For several decades now, conservatives have clung to abortion as their great moral equalizer, which they consequently just love to equate with slavery. Ever since its meteoric rise in the late 1970s, the religious right has clung to the abortion issue as the foundation of its claims to moral superiority — and for good reason, since their true, sordid origin story lies in fighting to preserve segregation, as Max Blumenthal explained in the Nation magazine at the time of Jerry Falwell’s death (“Agent of Intolerance“). …

…Remarkably, Falwell and his ilk were so focused on defending segregation, that they rebuffed early Catholic attempts, spearheaded by Paul Weyrich, to turn their attention to abortion.

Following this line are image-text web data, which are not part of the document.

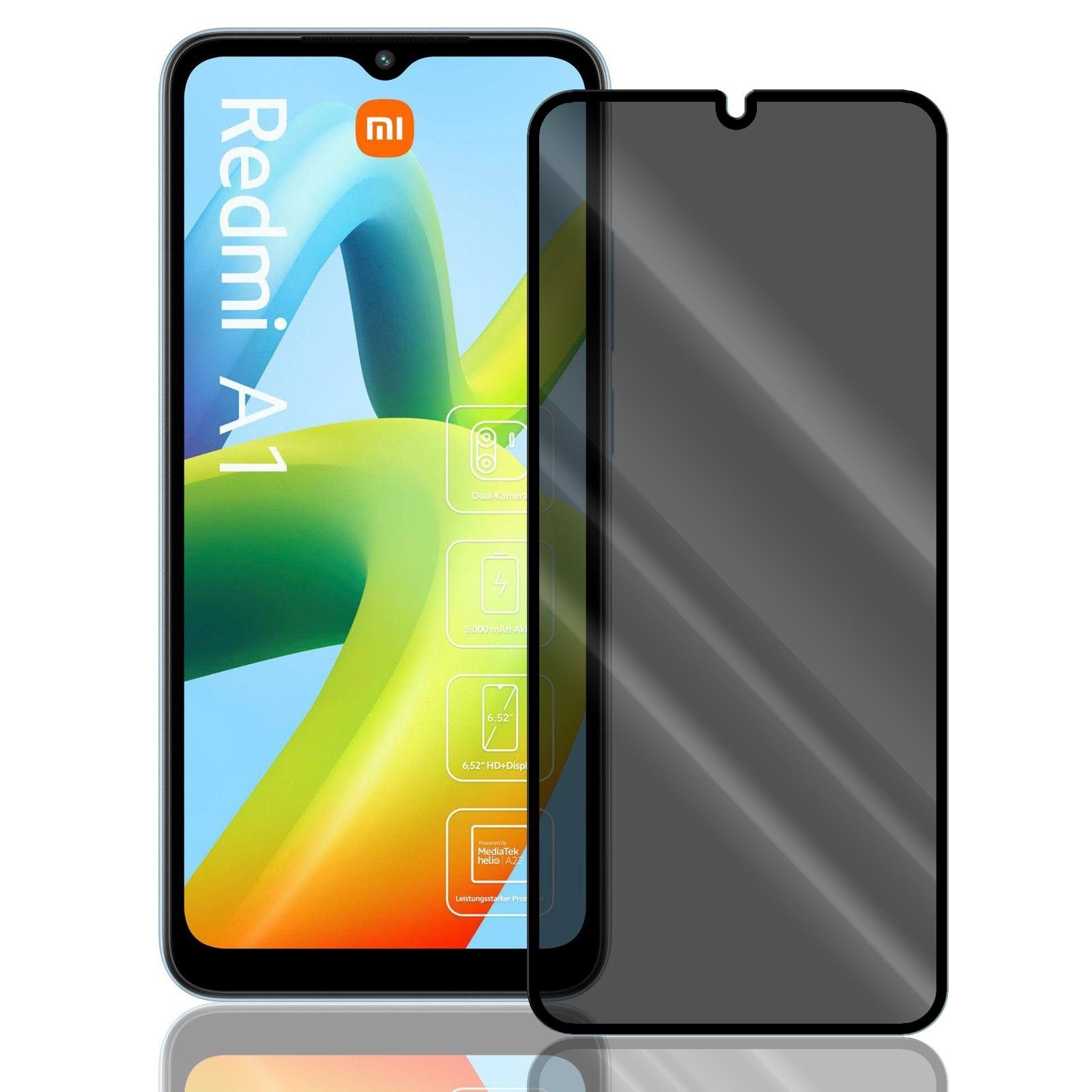 Numerva Schutzfolie Panzer Folie Echt Glas Folie für Xiaomi Redmi A1, (1x Schutzfolie 2x Reinigungstücher), Anti Spy Schutzfolie Blickschutz Glasfolie Sichtschutzfolie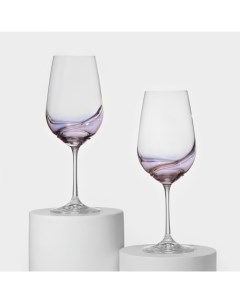 Набор стеклянных бокалов для вина Турбуленция 550 мл 2 шт Bohemia crystal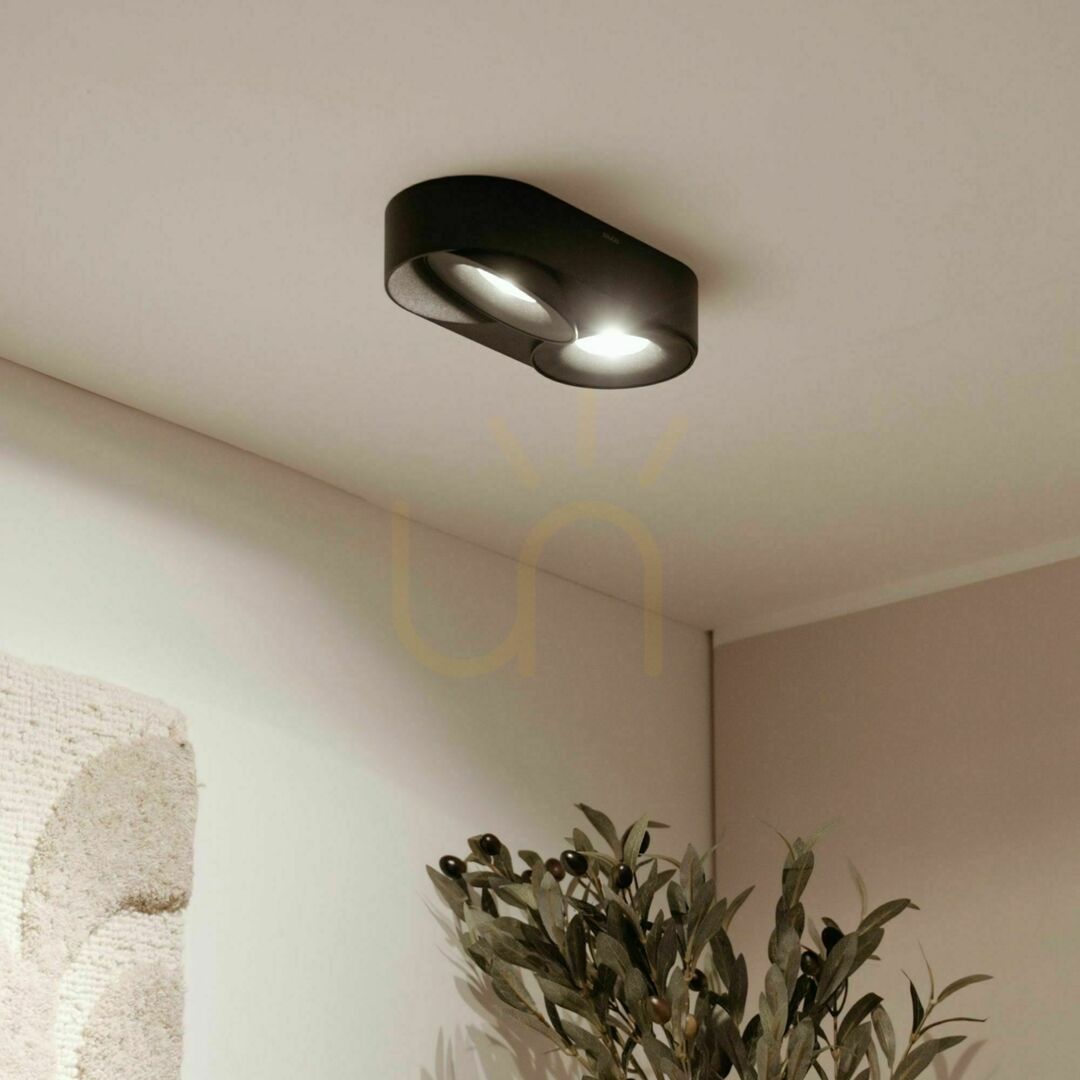 Skontrolujte Stropné LED bodové svietidlo s.luce Santa Duo, čierne, otočné, stmievateľné, 22 W, 4000 K Stropné LED bodové svietidlo s.luce Santa Duo, čierne, otočné, stmievateľné, 22 W, 4000 K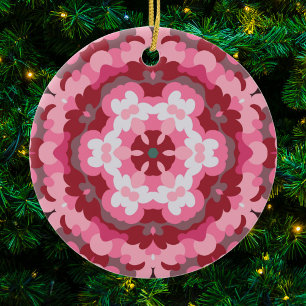 Retro Mandala Roze Rood en Wit Keramisch Ornament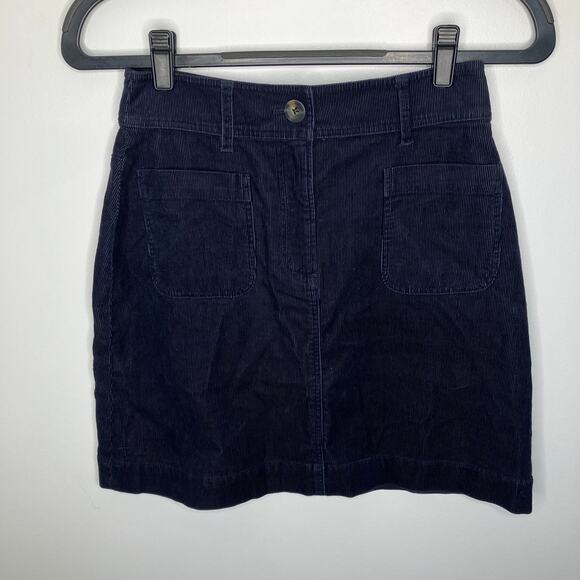 NWT BODEN Estella Cord Skirt Navy Blue Corduroy Patch Pockets 2 Regular - Picture 2 of 6
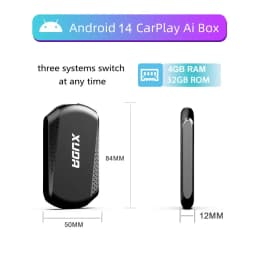 XUDA Android14 Wireless CarPlay/Android Auto 3in1 NEW CarPlay Ai Box 4Cores 4GB RAM+64GB ROM Plug and Play Stable Transmission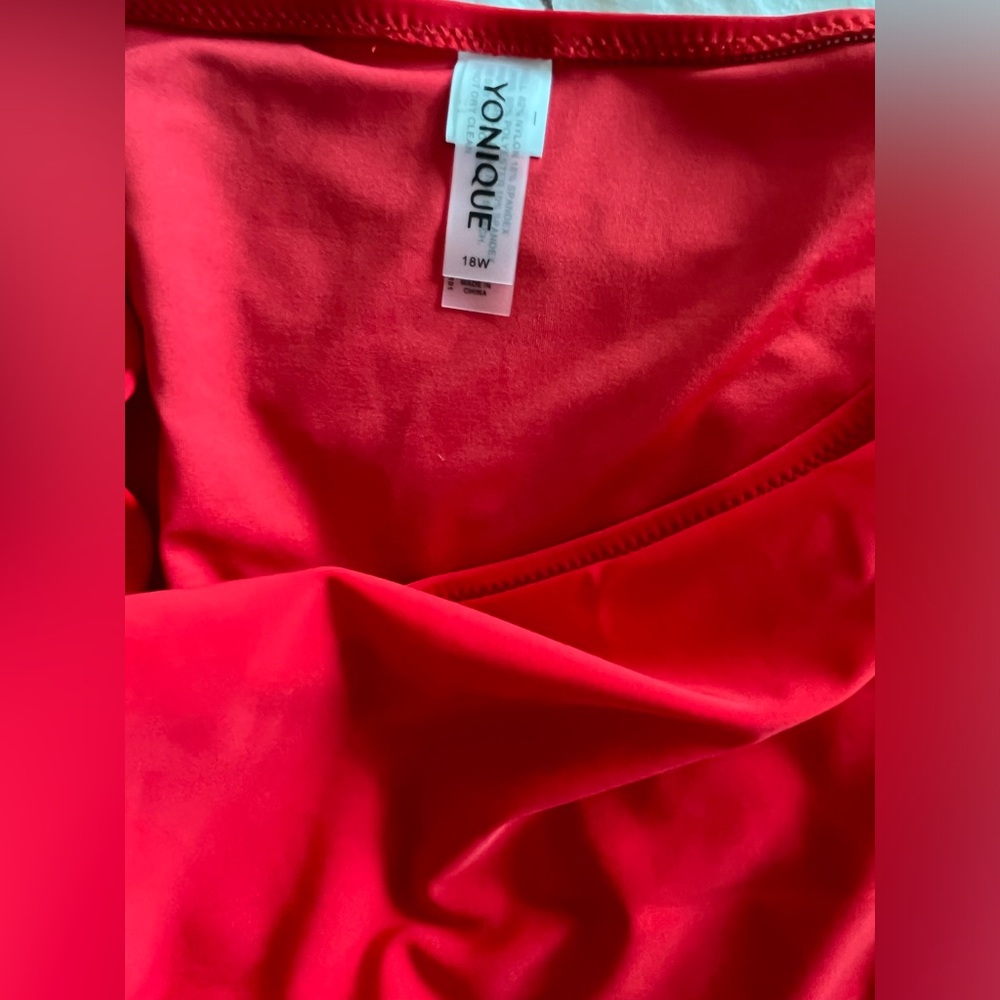 NWT Yonique Red 2 Piece Tankini Bathing Suit Size 18W - Picture 6 of 8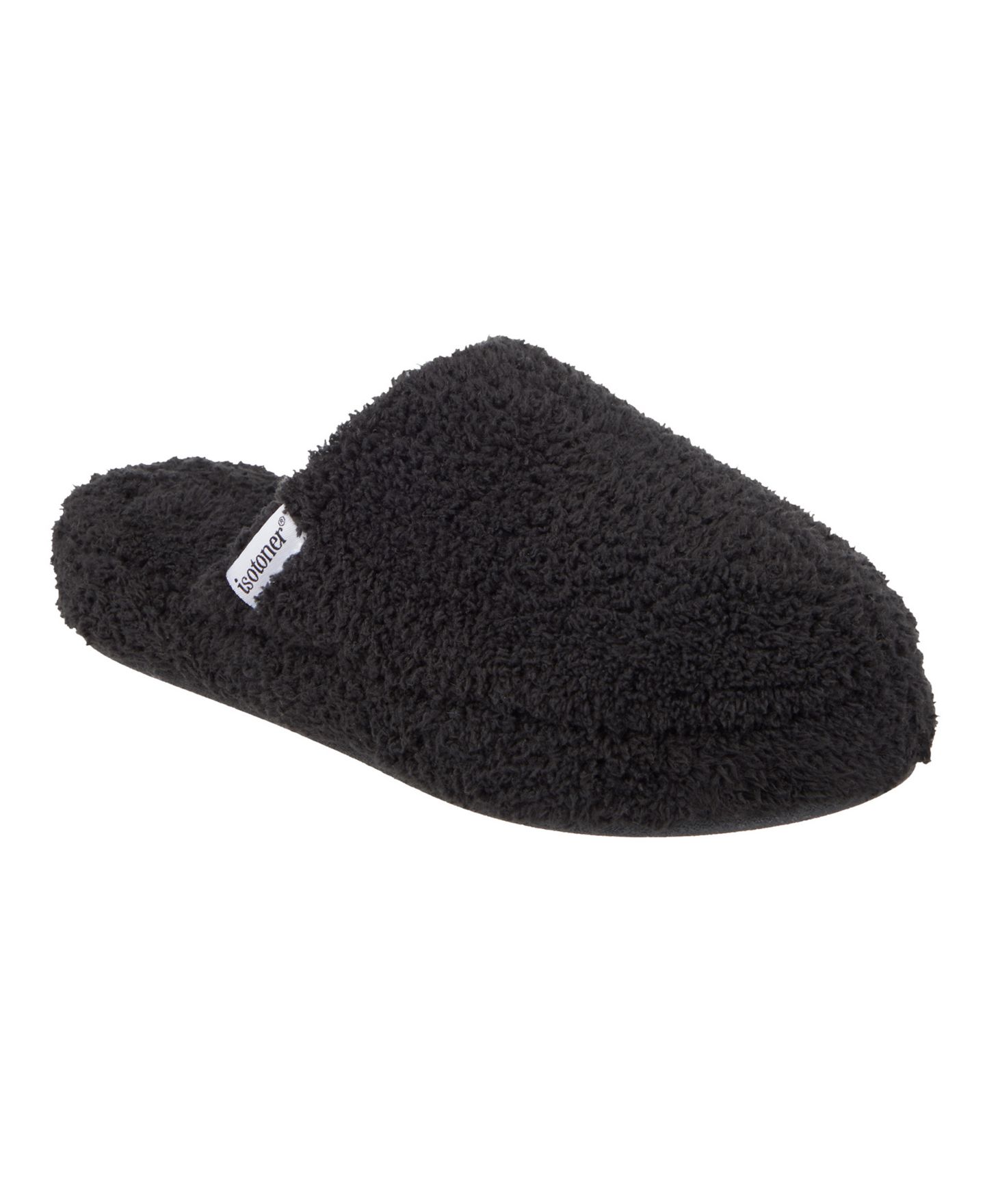 Женские сабо Isotoner Signature Cozy Plush Terry Knit Joey Clog Slippers, цвет: Чёрный — фото 1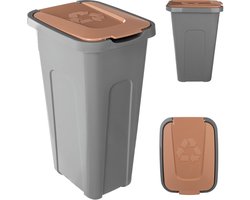 KADAX Vuilnisemmer voor afvalscheiding, 30 liter, robuuste afvalcontainer met luchtdicht klapdeksel, afvalcontainer voor afvalscheidingssysteem, afvalemmer van kunststof (1, bruin deksel)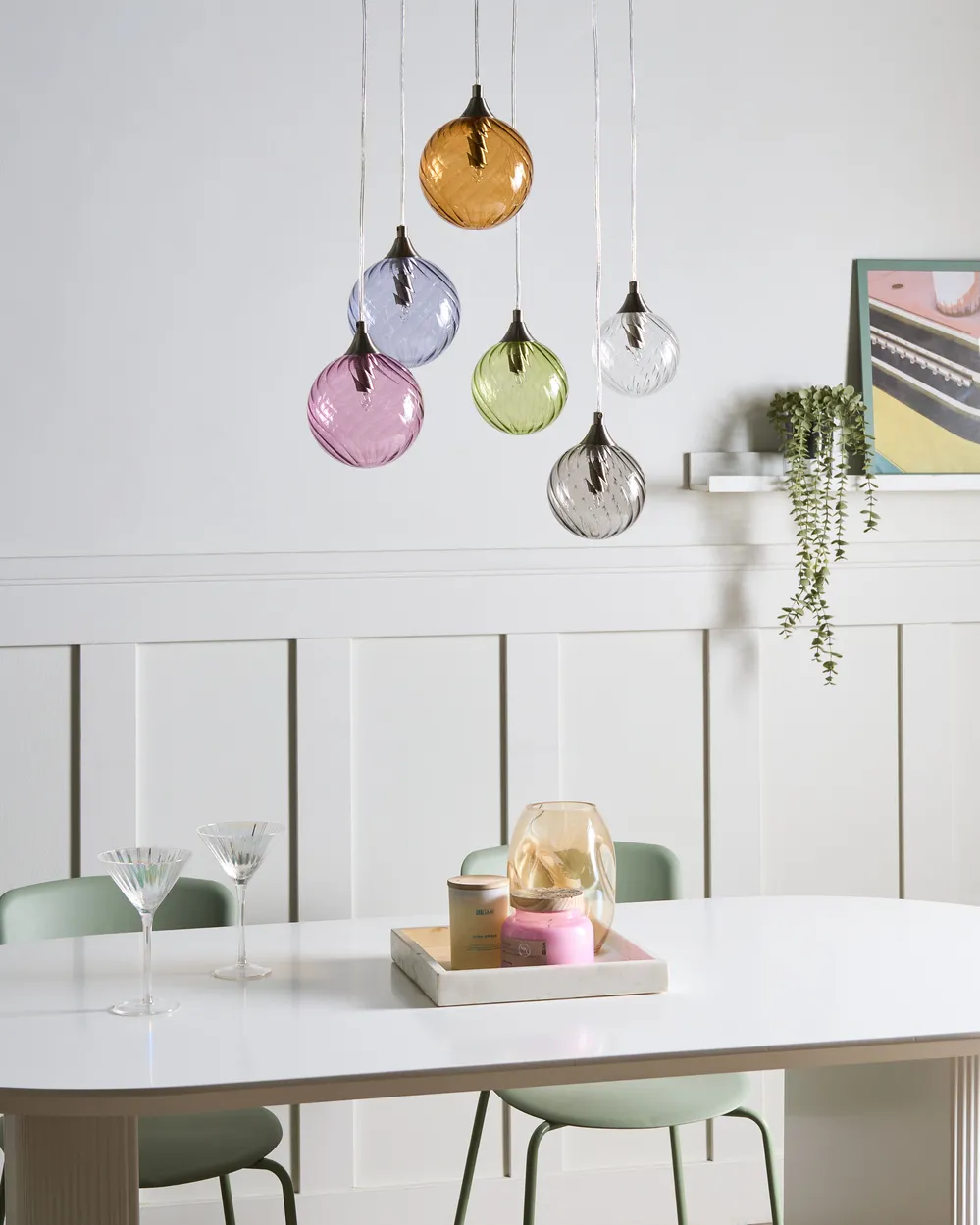 6 Light Pendant Lamp TUDDI Glass Multicolour_1033890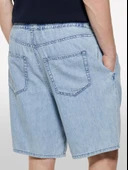 Sisley   %100 Pamuk Büzgü İpli Normal Bel Denim Şort Erkek Mavi Denim Şort - 325P44C1S901A thumbnail 2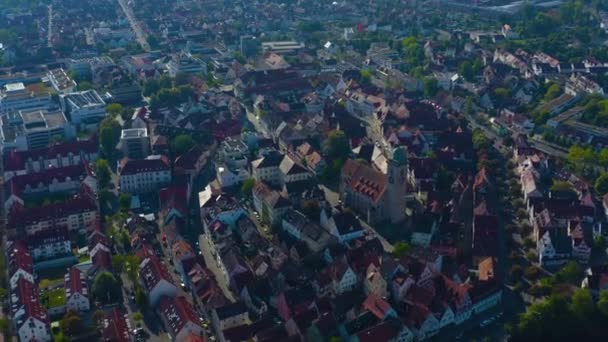 Almanya Daki Eski Şehir Merkezinin Havadan Görünüşü Güneşli Bir Bahar — Stok video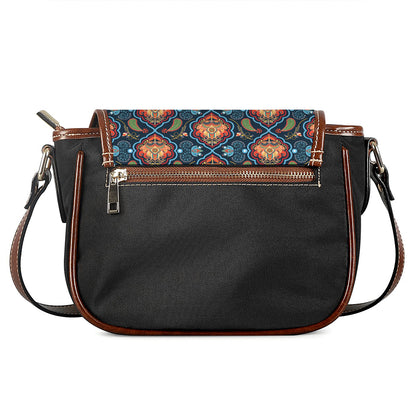 Indian Floral Paisley Pattern Print Saddle Bag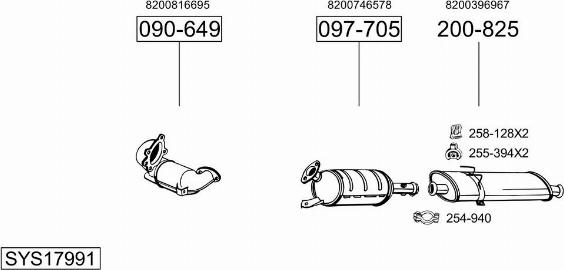 Bosal SYS17991 - Система выпуска ОГ avtokuzovplus.com.ua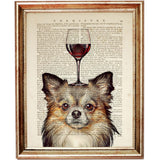Dog Wine Glass Wall Art Set of 3, Pet Portrait Dictionary Prints, Party Animal Poster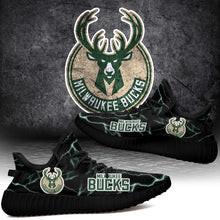 Load image into Gallery viewer, Milwaukee Bucks NBA Like Yeezy Shoes Lightning Black Edition Gift For Fans T0811-V08-14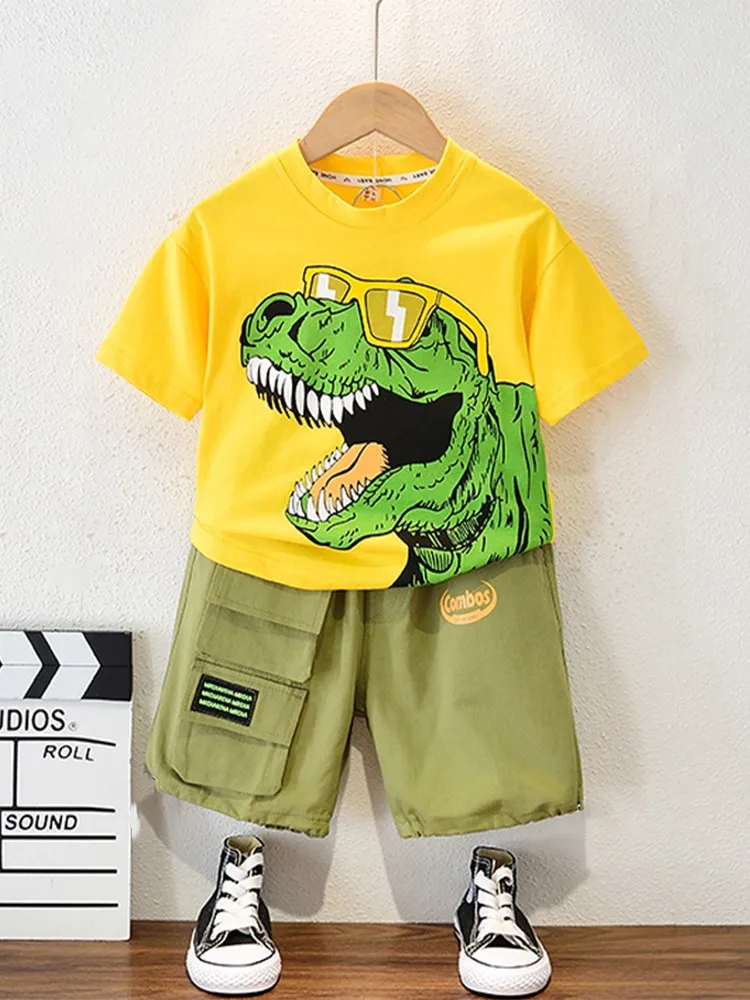 Summer New Baby Boy clothes set Child Pure cotton Fashion Dinosaur Print Short Sleeve 2-piece set cozy Children\'s clothing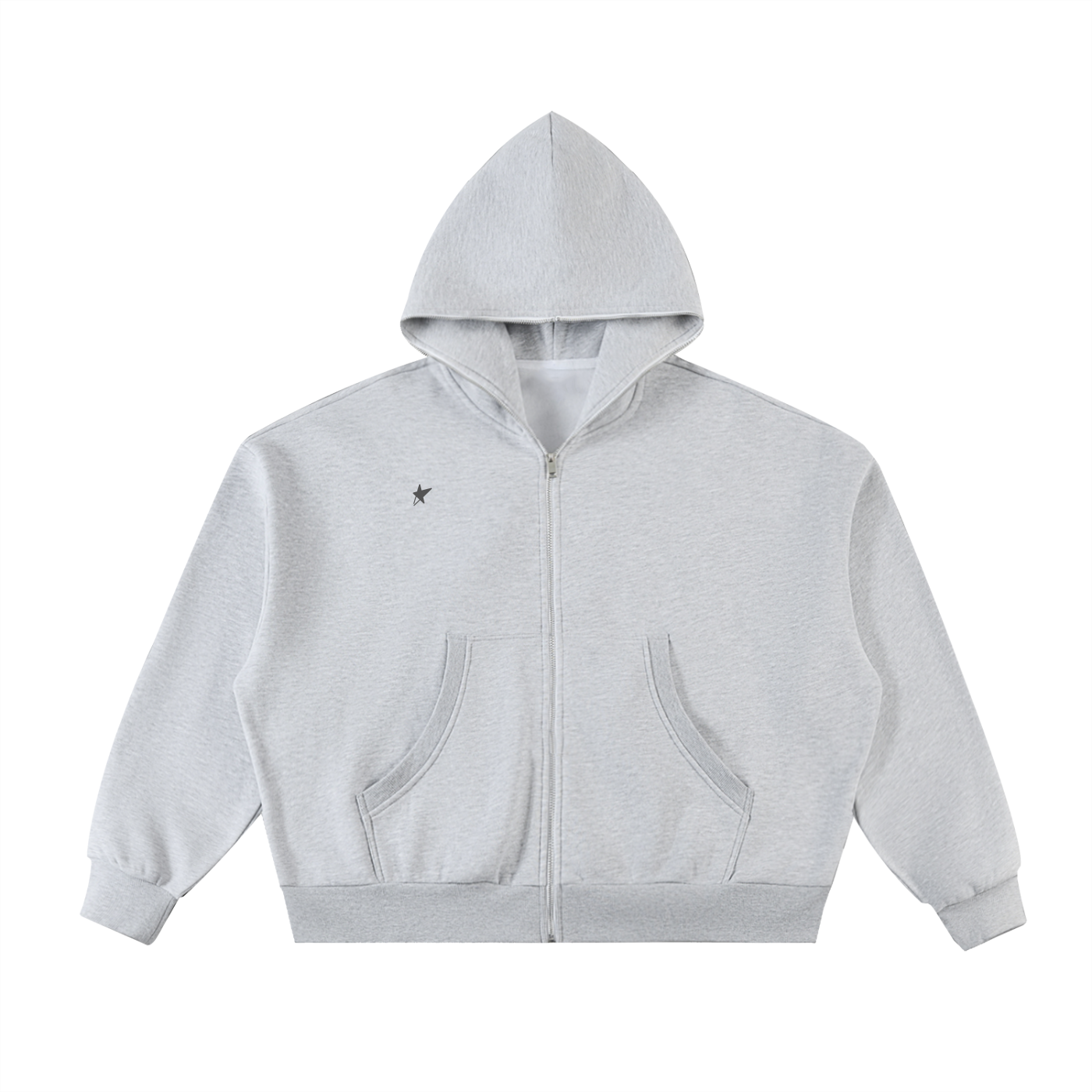 Fleeced Full-Zip Boxy Hoodie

They only broadened their issue agenda to include abortion some years later, as they came to realize they needed allies who had little motivation in helping them preserve the separation of the races.

I well remember there was plenty of antipathy to abortion among religious and political conservatives even before Roe v. Wade (1973). But the degree to which the Right has made abortion the ground of Armageddon itself might be partly explained by their position on what they think is moral high ground. They’ve lost or are losing every other moral/social issues fight of the 20th century, but they’ve still got abortion. Plus, it gives them an excuse to slut-shame sexually active women. So they aren’t likely to let go of abortion anytime soon, even if it’s beginning to cost them elections.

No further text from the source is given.